Wainstein B K, Kashef S, Ziegler M, Jelley D, Ziegler J B
Department of Immunology and Infectious Diseases, Sydney Children's Hospital, Sydney, NSW, Australia.
Clin Exp Allergy. 2007 Jun;37(6):839-45. doi: 10.1111/j.1365-2222.2007.02726.x.
Parents of atopic children frequently report, and are alarmed by, contact reactions to foods. Some schools restrict foods due to concerns regarding possible systemic reactions following contact in allergic children.
We aimed to determine the frequency with which peanut-sensitive children exhibited contact sensitivity to peanut butter and to assess the significance of such reactions.
One gram of peanut butter was applied directly to the skin of 281 children who were skin prick test (SPT) positive to peanut (immediate skin application food test; I-SAFT). The test was considered positive if one or more weals were present when the patch was removed after 15 min. A subset of children then underwent an open-label oral challenge with graded amounts of peanut protein.
During 3515 clinic visits, 330 I-SAFT tests for peanut contact sensitivity were performed; 136 (41%) were positive. The mean SPT diameter was 10 mm in the I-SAFT-positive children and 8.5 mm in the I-SAFT-negative children (t-test, P<0.0001). No child had a systemic reaction following topical application of peanut butter. Eighty-four children had 85 oral challenges after blinded, placebo-controlled I-SAFT testing. Challenge was positive in 26/32 of those with a positive I-SAFT and negative in only 6/32. Challenge was also positive in 26/53 but negative in 27/53 of those with a negative I-SAFT (sensitivity 50%, specificity 82%, chi2, P=0.003).

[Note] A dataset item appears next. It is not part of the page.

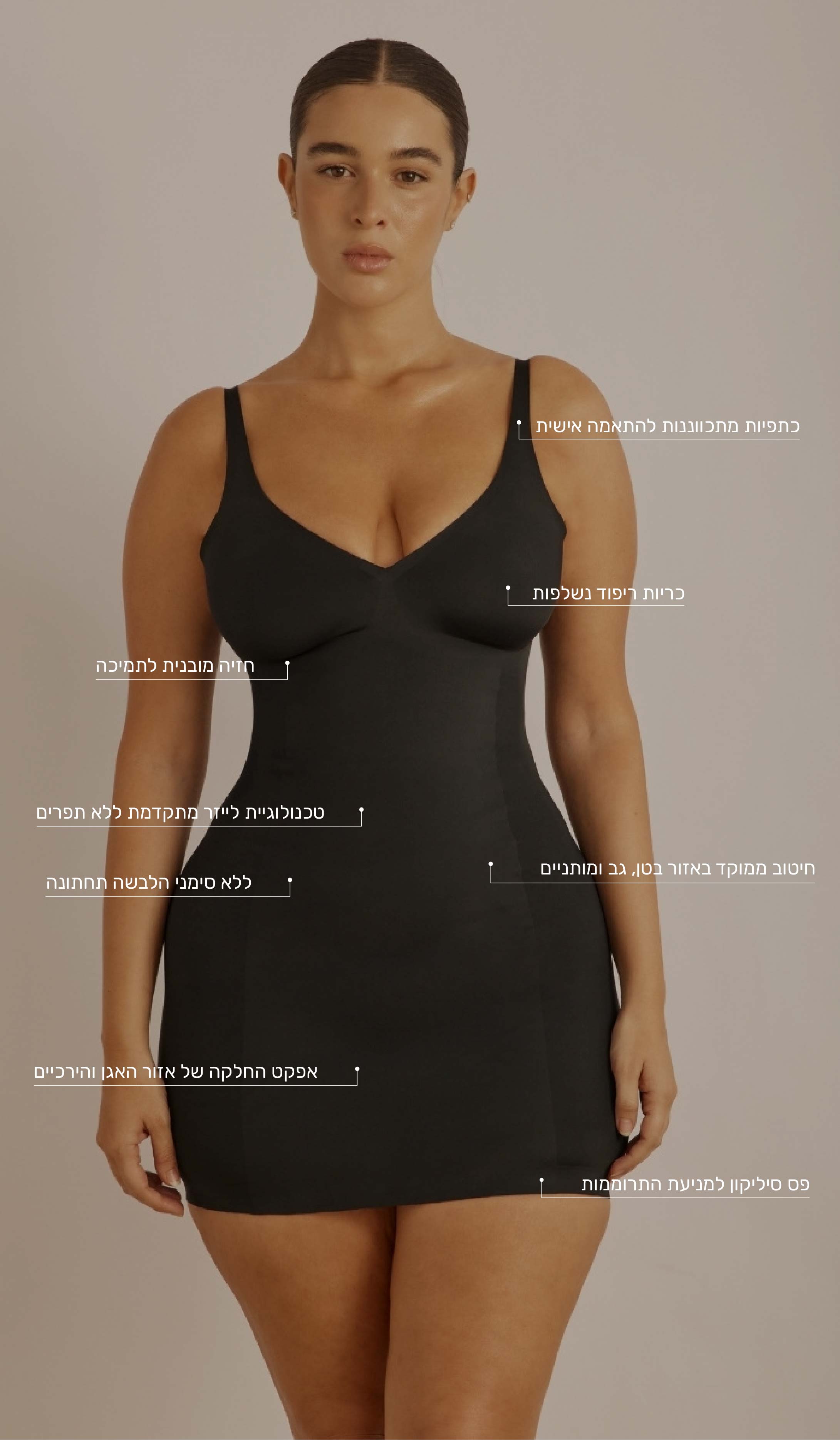 שמלה מחטבת - שחור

A minority of children sensitized to peanut (positive SPT) develop localized urticaria from prolonged skin contact with peanut butter. No tested subjects, including ones with systemic reactions upon oral challenge, developed a systemic reaction to prolonged skin exposure to peanut. Therefore, systemic reactions resulting from this mode of contact with peanut butter appear highly unlikely.
特应性儿童的父母经常报告对食物的接触反应,并对此感到担忧。一些学校因担心过敏儿童接触食物后可能出现全身反应而限制某些食物。
我们旨在确定对花生敏感的儿童对花生酱表现出接触敏感性的频率,并评估此类反应的意义。
将1克花生酱直接涂抹在281名花生皮肤点刺试验(SPT)呈阳性的儿童皮肤上(即时皮肤应用食物试验;I-SAFT)。如果在15分钟后取下贴片时出现一个或多个风团,则该试验被视为阳性。然后,一部分儿童接受了不同剂量花生蛋白的开放标签口服激发试验。
在3515次门诊就诊期间,进行了330次花生接触敏感性的I-SAFT试验;136次(41%)呈阳性。I-SAFT阳性儿童的平均SPT直径为10毫米,I-SAFT阴性儿童为8.5毫米(t检验,P<0.0001)。局部涂抹花生酱后,没有儿童出现全身反应。84名儿童在进行盲法、安慰剂对照的I-SAFT试验后进行了85次口服激发试验。I-SAFT阳性的儿童中,26/32激发试验呈阳性,只有6/32呈阴性。I-SAFT阴性的儿童中,26/53激发试验呈阳性,但27/53呈阴性(敏感性50%,特异性82%,卡方检验,P=0.003)。
少数对花生敏感(SPT阳性)的儿童因长时间皮肤接触花生酱而出现局部荨麻疹。包括口服激发试验时有全身反应的受试者在内,没有受试对象因长时间皮肤接触花生而出现全身反应。因此,通过这种方式接触花生酱导致全身反应的可能性似乎极小。